The fact is, the biggest inhibitor for cloud computing is the lack of infrastructure support needed for many business-related applications. This is complicated by the fact that most of these apps are third-party applications and not even built by the companies using the applications.
In order to obtain the benefits of HA in the cloud, you could argue that these third-party companies should open the setup of and access to their applications? Sounds good on paper, but that means that every third-party vendor will end up creating their own way of doing this, multiplying the effort of getting HA at the application level.
What's the answer?
Embedded HA - HA at the operating system level - scales much better.
There's a reason why I only hear discussions about HA for private clouds: Because customers don't trust external service providers, needing not just HA but iron-clad service-level agreements as well.
Changes to the Cloud
One answer to this problem is simply make the cloud application-aware, essentially bringing HA to the cloud layer. How would this happen?
You could make the distributable workloads distributed, and for monolithic workloads (and nearly every application has a monolithic data source at some point), provide HA either in the guest operating system (which means to use the traditional setup but in the cloud) or apply HA to the cloud infrastructure.
As a product manager, I obviously have a solution for this, on three levels:
Provide HA in the guest operating system.
Provide remote monitoring and management of guests, without the need to install software in every guest.
Provide infrastructure HA on the cloud level.
In the cloud, when workloads get moved and not redeveloped, they will run fine until the cloud has an issue, and customers will then start to request HA. Or customers will run the cloud as backup for the data center, getting availability at lower systems cost, but higher cost of operations.
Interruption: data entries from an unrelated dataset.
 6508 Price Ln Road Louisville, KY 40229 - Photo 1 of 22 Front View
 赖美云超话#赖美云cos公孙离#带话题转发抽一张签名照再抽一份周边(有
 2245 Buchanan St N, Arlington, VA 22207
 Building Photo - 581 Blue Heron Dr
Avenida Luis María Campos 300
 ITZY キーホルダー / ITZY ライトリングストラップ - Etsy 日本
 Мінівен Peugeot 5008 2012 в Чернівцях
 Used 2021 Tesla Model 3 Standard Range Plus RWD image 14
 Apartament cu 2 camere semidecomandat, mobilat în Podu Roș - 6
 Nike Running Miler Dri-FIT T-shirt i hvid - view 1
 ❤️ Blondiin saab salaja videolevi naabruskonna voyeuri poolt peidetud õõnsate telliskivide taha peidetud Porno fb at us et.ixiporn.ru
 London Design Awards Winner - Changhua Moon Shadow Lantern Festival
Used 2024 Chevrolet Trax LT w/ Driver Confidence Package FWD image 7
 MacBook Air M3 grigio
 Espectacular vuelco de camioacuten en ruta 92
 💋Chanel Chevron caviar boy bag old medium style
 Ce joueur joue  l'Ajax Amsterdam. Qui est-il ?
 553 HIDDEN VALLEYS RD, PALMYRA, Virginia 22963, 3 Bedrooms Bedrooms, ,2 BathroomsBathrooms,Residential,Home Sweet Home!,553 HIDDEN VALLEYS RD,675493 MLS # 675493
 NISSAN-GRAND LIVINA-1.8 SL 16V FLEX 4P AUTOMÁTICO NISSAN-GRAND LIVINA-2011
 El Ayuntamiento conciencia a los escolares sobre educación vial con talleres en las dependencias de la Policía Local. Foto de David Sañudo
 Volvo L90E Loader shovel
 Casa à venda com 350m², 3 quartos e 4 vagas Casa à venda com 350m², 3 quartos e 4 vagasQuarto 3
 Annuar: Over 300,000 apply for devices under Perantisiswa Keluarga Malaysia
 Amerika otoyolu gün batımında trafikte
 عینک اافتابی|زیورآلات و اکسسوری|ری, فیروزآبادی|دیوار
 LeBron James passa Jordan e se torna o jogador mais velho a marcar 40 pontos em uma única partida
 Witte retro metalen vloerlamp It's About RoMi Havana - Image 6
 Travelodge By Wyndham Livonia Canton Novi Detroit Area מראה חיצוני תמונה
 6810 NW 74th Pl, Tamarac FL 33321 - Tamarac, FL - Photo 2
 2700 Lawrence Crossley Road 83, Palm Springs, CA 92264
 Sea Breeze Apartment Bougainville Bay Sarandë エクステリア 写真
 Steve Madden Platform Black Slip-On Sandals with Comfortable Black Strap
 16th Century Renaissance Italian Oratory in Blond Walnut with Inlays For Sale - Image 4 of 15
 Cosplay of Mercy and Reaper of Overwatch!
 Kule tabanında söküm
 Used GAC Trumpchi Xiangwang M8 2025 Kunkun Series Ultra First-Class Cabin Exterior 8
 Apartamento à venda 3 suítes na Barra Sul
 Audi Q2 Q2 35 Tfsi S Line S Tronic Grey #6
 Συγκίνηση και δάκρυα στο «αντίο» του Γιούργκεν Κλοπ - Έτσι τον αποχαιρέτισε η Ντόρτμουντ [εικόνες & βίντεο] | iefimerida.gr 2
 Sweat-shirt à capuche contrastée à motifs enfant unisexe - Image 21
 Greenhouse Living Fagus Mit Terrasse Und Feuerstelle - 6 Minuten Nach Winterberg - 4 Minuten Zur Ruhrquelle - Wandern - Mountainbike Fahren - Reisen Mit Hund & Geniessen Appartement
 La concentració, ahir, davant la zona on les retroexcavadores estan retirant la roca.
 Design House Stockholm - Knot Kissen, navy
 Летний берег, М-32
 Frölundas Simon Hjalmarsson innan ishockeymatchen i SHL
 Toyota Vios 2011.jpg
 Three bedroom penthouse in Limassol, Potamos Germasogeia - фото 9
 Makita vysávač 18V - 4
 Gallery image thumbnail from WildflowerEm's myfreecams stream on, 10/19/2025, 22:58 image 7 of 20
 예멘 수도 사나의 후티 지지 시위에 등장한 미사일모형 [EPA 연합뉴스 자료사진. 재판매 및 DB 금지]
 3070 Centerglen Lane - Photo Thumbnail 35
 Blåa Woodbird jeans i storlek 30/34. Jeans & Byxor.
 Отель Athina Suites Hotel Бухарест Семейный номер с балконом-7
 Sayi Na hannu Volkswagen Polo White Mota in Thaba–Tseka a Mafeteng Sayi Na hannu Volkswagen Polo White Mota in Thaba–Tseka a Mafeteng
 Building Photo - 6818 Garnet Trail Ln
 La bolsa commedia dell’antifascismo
Elastic Cloud is Not Assured
These latter customers will look into automatization of their systems or figure out the elastics of the cloud as backup is not a given. Ask the Japanese companies who have tried to activate their cloud backups all at once, while the cloud was suffering downtime at the same time. All of this means customers will need a structural solution and those rigid SLAs.
However, getting HA actually in the cloud will bring HA to every application running on the cloud infrastructure, at a modest cost. Such a deployment would be easy to handle, without the need of special setups and special consultants *plus* giving customers the flexibility of the cloud and the option to think about clusters and workload optimization.
All Systems Impacted
It's not just mission-critical systems we're talking about. With HA capabilities available right inside enterprise Linux platforms, there's a very real cost-benefit to using those native HA features rather than tacking on an expensive, proprietary HA tool-set. By abstracting the cost out of the equation, we're seeing HA being applied at servers out on the edges, like file, mail, and print servers.
That may seem like overkill, but when data and information flow is a critical part of any business process these days, who wants to lose time and money when the e-mail system crashes? The days of tolerating unavailability are moving behind us.
The real story is that no server is expendable anymore. Business and IT are so closely intertwined, no failure is acceptable now. HA may not be loud and noisy like the hype about cloud computing, but it is still as an important part of the IT narrative than ever.